• [Problem details]
Go through the data line by line from the top, retyping each exactly, and end with the line that contains "New in Box Marc Fisher Calivia sandals".

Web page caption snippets
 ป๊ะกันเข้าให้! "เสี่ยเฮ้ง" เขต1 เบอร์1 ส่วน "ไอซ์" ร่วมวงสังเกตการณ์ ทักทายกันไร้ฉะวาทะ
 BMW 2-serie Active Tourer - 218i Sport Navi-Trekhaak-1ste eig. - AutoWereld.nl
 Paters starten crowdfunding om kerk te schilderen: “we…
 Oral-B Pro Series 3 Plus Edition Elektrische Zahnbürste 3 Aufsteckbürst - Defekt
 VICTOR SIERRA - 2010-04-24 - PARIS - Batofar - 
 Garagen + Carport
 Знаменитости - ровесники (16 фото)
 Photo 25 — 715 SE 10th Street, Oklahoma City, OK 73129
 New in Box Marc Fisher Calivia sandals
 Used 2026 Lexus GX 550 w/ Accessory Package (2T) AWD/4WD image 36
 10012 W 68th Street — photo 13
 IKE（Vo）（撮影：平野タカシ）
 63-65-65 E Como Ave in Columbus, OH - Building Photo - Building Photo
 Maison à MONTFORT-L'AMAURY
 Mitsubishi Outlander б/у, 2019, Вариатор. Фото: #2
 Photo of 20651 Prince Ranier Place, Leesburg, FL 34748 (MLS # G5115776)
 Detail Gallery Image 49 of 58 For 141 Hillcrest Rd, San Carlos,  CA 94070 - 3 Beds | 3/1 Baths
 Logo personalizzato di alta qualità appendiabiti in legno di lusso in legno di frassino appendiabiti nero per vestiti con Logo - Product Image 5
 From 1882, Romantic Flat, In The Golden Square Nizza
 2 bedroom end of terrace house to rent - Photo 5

• [Response to the exercise]
 ป๊ะกันเข้าให้! "เสี่ยเฮ้ง" เขต1 เบอร์1 ส่วน "ไอซ์" ร่วมวงสังเกตการณ์ ทักทายกันไร้ฉะวาทะ
 BMW 2-serie Active Tourer - 218i Sport Navi-Trekhaak-1ste eig. - AutoWereld.nl
 Paters starten crowdfunding om kerk te schilderen: “we…
 Oral-B Pro Series 3 Plus Edition Elektrische Zahnbürste 3 Aufsteckbürst - Defekt
 VICTOR SIERRA - 2010-04-24 - PARIS - Batofar - 
 Garagen + Carport
 Знаменитости - ровесники (16 фото)
 Photo 25 — 715 SE 10th Street, Oklahoma City, OK 73129
 New in Box Marc Fisher Calivia sandals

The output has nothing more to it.